По особливому счастию моему, оба товарищи мои были крайне бестолковы и непонятны, и учитель бился с ними как с крайними невежами; он принужден был всякую вещицу им раза по три и по четыре перетолковывать и насильно вбивать в голову. Как сидели они со мной за одним столиком и я все сие видел и слышал, то смешное из сего вышло: их учили, но они не выучились, а меня хоть не учили, но я выучился совершенно. Помогла к тому много собственная моя охота, ибо мне науки сии так полюбились, что я, приходя ввечеру домой, все то записывал, что я днем слышал. Я достал себе циркуль, рейсфедер и транспортир[94] и без всякого указательства начертил и написал себе всю полную геометрию и понял ее довольно совершенно. Хотелось было мне таким же образом получить понятие и о фортификации, которой учился средний генеральский сын Степан. Но как мы в покои его редко хаживали и при нас учитель ему ничего не толковал, то и не можно было мне в желании моем иметь дальнего успеха; однако я старался колико можно ходить туда чаще и сматривать, как они чертят планы, и получил по крайней мере о сих довольное понятие.

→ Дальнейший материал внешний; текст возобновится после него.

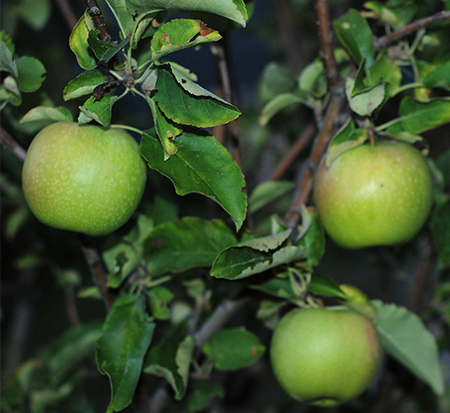 malus-x-domestica-granny-smith-apple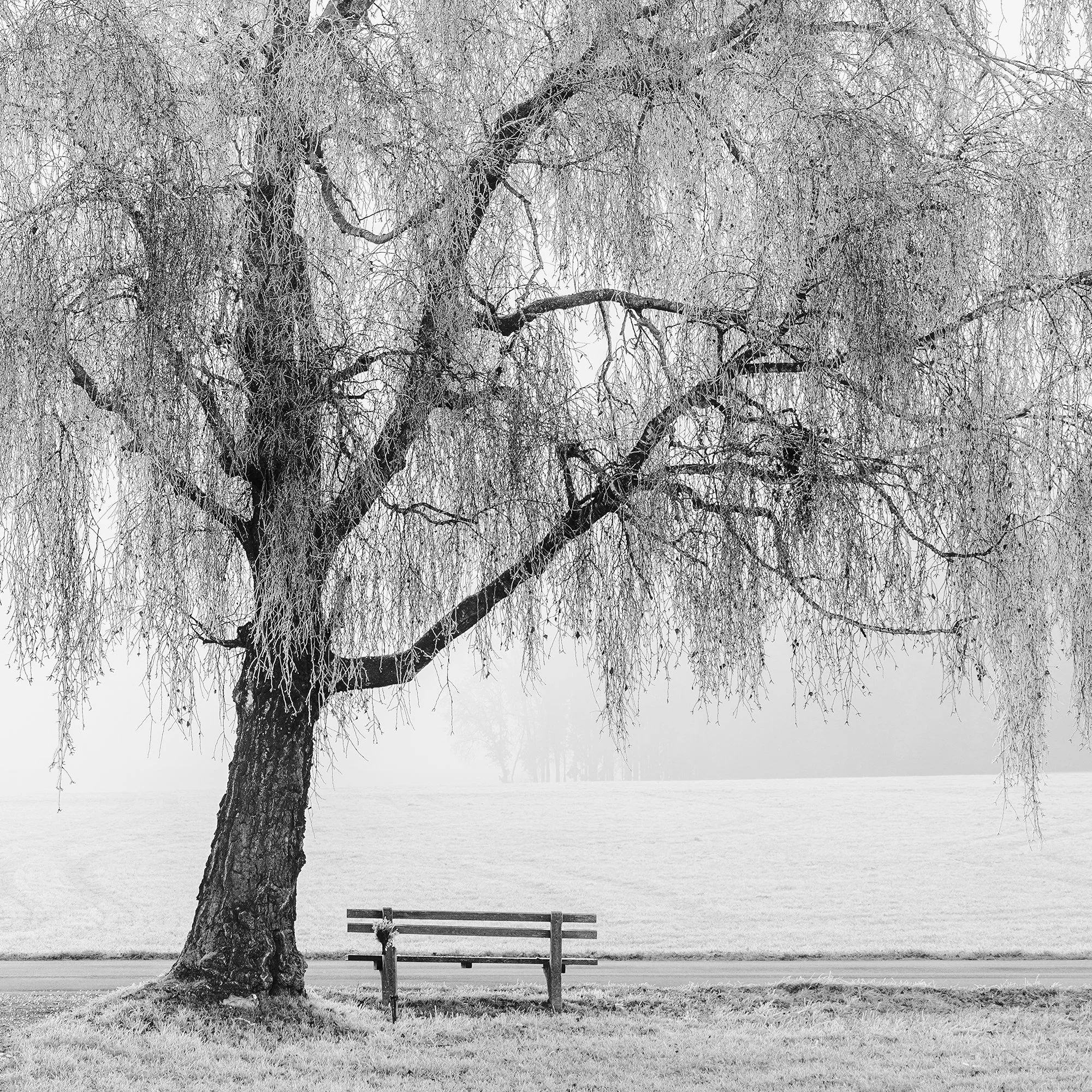 Close-up detail of Place to Linger, Winter Study 1 showing the frost-covered tree and solitary bench by Gerald Berghammer.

Сим образом продолжал я учение мое не только всю зиму, но и половину тогдашнего лета, и к жизни сего рода так уже привык, что она мне сделалась весела и приятна. Но спокойствие моего духа нарушено было в июне получением нечаянного известия из Москвы, что родительница моя в деревне скончалась. Первое известие о сем печальном приключении сообщил мне мой дядька; оно поразило меня, как громовым ударом. Однажды после обеда, пошед меня провожать в школу, стал он мне говорить на дороге, что есть из Москвы письма, что матушка моя очень больна; сердце мое затрепеталось при сем слове и пронзилось, властно как ножом.

— Ах, Артамонушка, голубчик! — подхватил я скоро его слово. — Уж не скончалась ли она? Скажи мне, ради Бога!

Тогда сказал он мне, что еще апреля 23-го числа был тот несчастный день, в который переселилась она в вечность. Боже мой, какою горестию и печалью поразилось мое сердце. Я стенал, рыдал и плакал и с целую четверть часа не мог сойти с того места; казалось, что все стихии для меня переменились. Все уговаривания дядьки моего не помогали; но наконец принужден я был дать себя уговорить продолжать путь свой далее. Однако худое учение было уже в тот день; я и там несколько раз принимался плакать.

Таким образом лишился я и моей родительницы и остался совершенным сиротою на четырнадцатом году моего возраста. Я узнал после, что она с самого моего отъезда начала час от часу слабеть более и, наконец, по вскрытии весны сама приметила уже приближающуюся свою кончину и приготовилась к оной по христианскому долгу. Она скончалась в совершенной памяти и погребена была в приходской нашей церкви, под самым правым крылосом.[95] Дядя мой примирился с нею пред ее кончиною и имел попечение о ее погребении, а окончив сию печальную церемонию, взял на себя попечение о нашем доме и управление деревнями до моего приезда.

Происшествие сие произвело паки во всех моих обстоятельствах великую перемену: я сделался тогда совершенным властелином над всем нашим имением и деревнями, но властелином весьма еще к правлению оными неспособным.

Что со мною случилось далее, о том расскажу вам, любезный приятель, в последующем письме, а сие окончив сим, остаюсь и проч.